An interesting phenomenon is taking place in Japan which is raising a few eyebrows amongst developed countries which are experiencing serious shrinking populations. Countries like Russia, Greece, Germany, Italy and Japan are engaged in solving the demographic problem of a dwindling population growth rate. Of all these countries, Japan is a typical case to study.
On July 2007, Japan had a total population of 127.4 million. This is not a bad figure for a world economic power. The problem is that 21 percent of Japan’s population is 65 years or older. Another alarming statistics is that the median age of Japan’s population is 43.5 years.
During 2007 the population growth rate was -0.088 percent. This means more people were dying which were not replaced by new births. United Nation’s demographers agree that Japan’s population is projected to fall between 95 to 100 millions by 2050 if current trend continues.
Japanese women have cited inadequate child care, low part-time wages and long hours worked by their husbands as some of the reasons whey they do not have any children or only have one. Other Japanese women say in surveys that they want two children, but they delay or abstain from marriage and motherhood in astonishing numbers because fathers don’t help around the house, because mothers feel isolated in tiny apartments and because it’s so hard for a woman to combine career and motherhood.

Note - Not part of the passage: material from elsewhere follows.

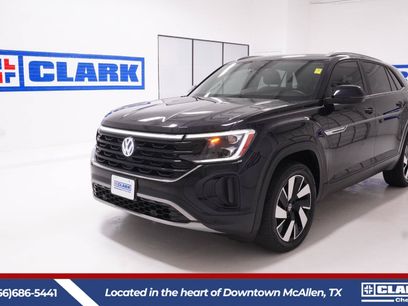 Used 2024 Volkswagen Atlas Cross Sport SE w/ Panoramic Sunroof Package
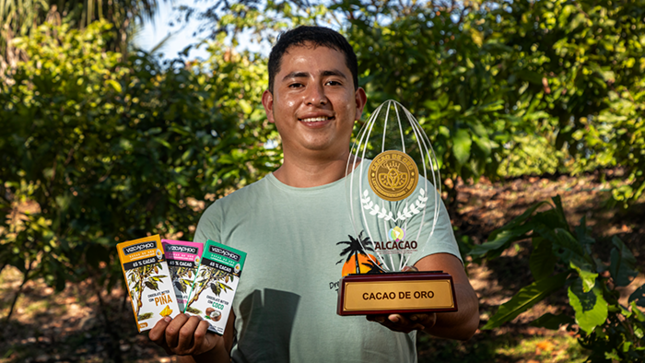 MAESTROS DEL CACAO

As you can infer from referred numbers, Japan’s population is aging and decreasing in numbers. This abnormal situation originates many complex problems which require careful planning.
Faced with prospect of having an alarming aging population, a country could choose to fight (raise the birthrate) or cope (prepare to manage the consequences). Japan has decided to tackle the former. They have decided to use robots to help solve the problem.

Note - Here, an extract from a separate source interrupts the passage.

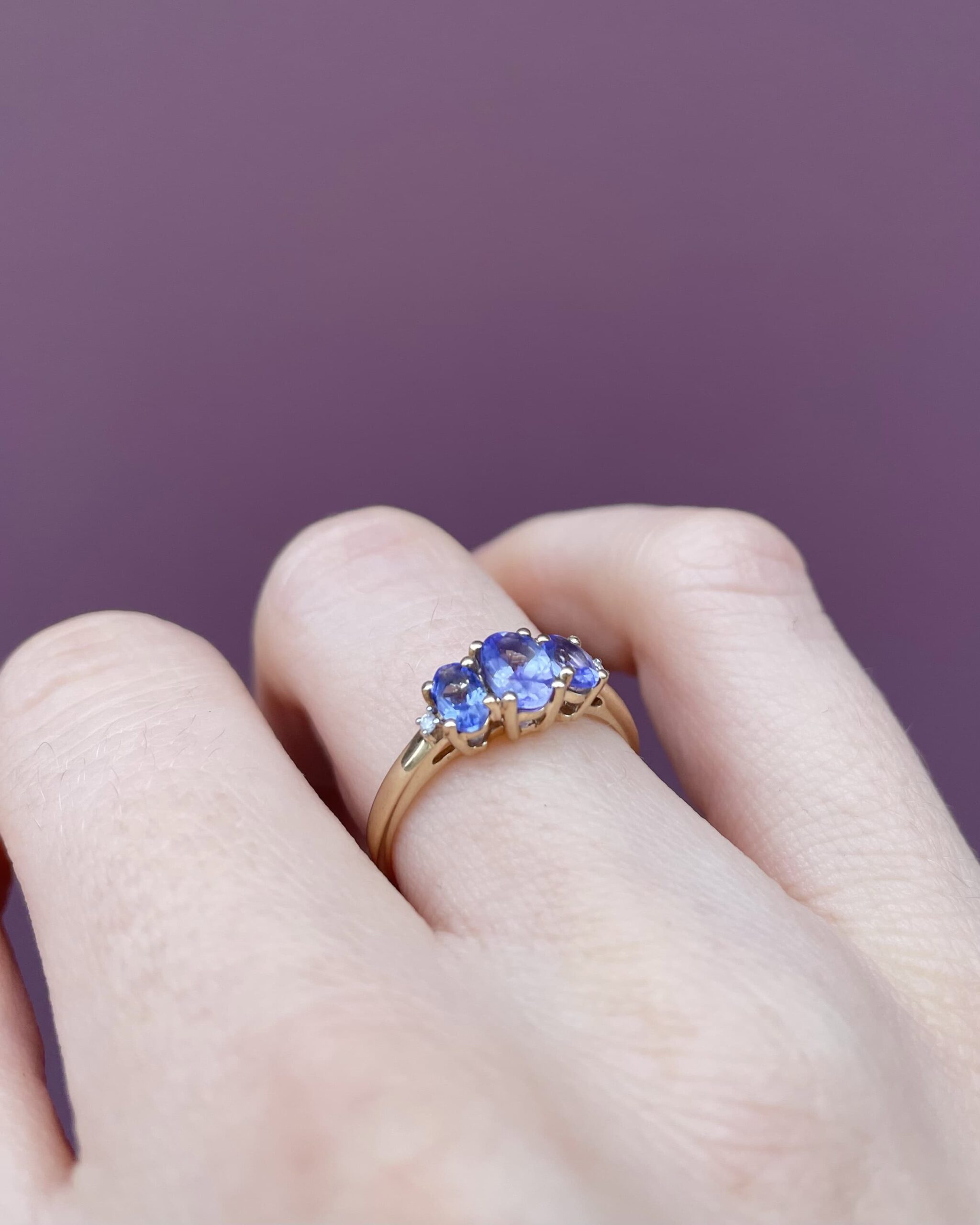 Bague Trilogie Tanzanites 1.20 carat et Diamants "Shaan" - Elliade Paris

Robots are already taken for granted in Japanese factories, so much so that they are sometimes welcomed on their first day at work with Shinto religious ceremonies. Robots make sushi. Robots plant rice and tend paddies.
There are robots serving as receptionists, vacuuming office corridors, spoon-feeding the elderly. They serve tea, greet company guests and chatter away at public technology displays. Now startups are marching out robotic home helpers.
For Japan, the robotics revolution is an imperative. With more than a fifth of the population 65 or older, the country is banking on robots to replenish the work force and care for the elderly.
Besides financial and technological power, the robot wave is favored by the Japanese mind-set as well. Robots have long been portrayed as friendly helpers in Japanese popular culture, a far cry from the often rebellious and violent machines that often inhabit Western science fiction.
Japan is already an industrial robot powerhouse. Over 370,000 robots worked at factories across Japan in 2005, about 40 percent of the global total and 32 robots for every 1,000 Japanese manufacturing employees, according to a recent report by Macquarie, which had no numbers from subsequent years.